** SUPPLIED DATA follows **

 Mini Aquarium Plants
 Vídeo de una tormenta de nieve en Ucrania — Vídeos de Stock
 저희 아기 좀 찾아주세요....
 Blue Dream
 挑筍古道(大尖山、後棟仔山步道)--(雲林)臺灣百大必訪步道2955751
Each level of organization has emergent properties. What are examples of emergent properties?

** End of SUPPLIED DATA **
** SUPPLIED DATA follows **

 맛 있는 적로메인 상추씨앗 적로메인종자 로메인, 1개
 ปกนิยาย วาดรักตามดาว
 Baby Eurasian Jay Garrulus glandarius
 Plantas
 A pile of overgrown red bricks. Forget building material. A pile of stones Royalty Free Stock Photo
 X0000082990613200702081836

** End of SUPPLIED DATA **
** SUPPLIED DATA follows **

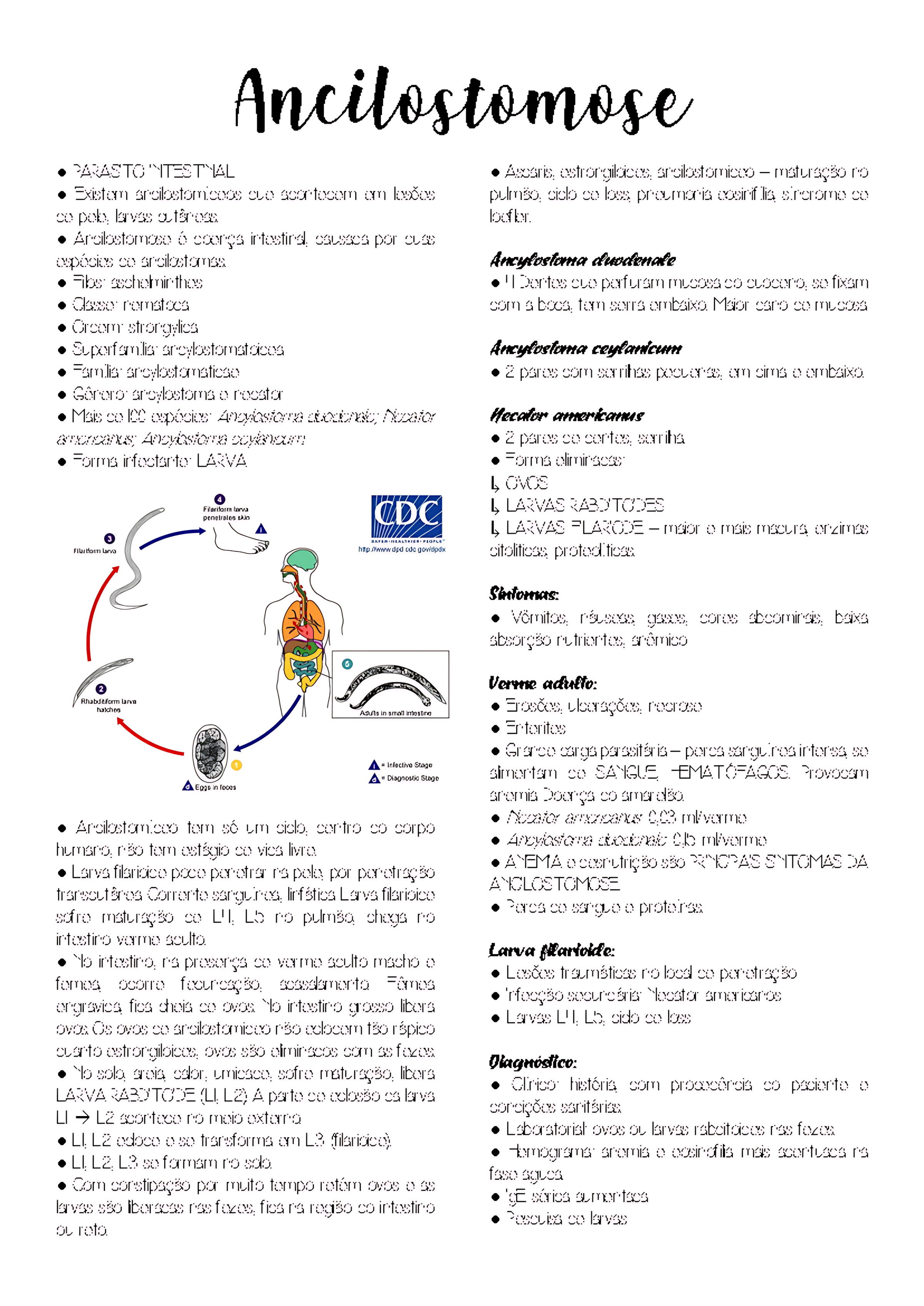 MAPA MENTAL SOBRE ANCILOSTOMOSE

** End of SUPPLIED DATA **

ACTIVITY:
Which of the lines above hold the string "Stock"? Pick each of them out.

REPLY TO THE EXERCISE:
 Vídeo de una tormenta de nieve en Ucrania — Vídeos de Stock
 A pile of overgrown red bricks. Forget building material. A pile of stones Royalty Free Stock Photo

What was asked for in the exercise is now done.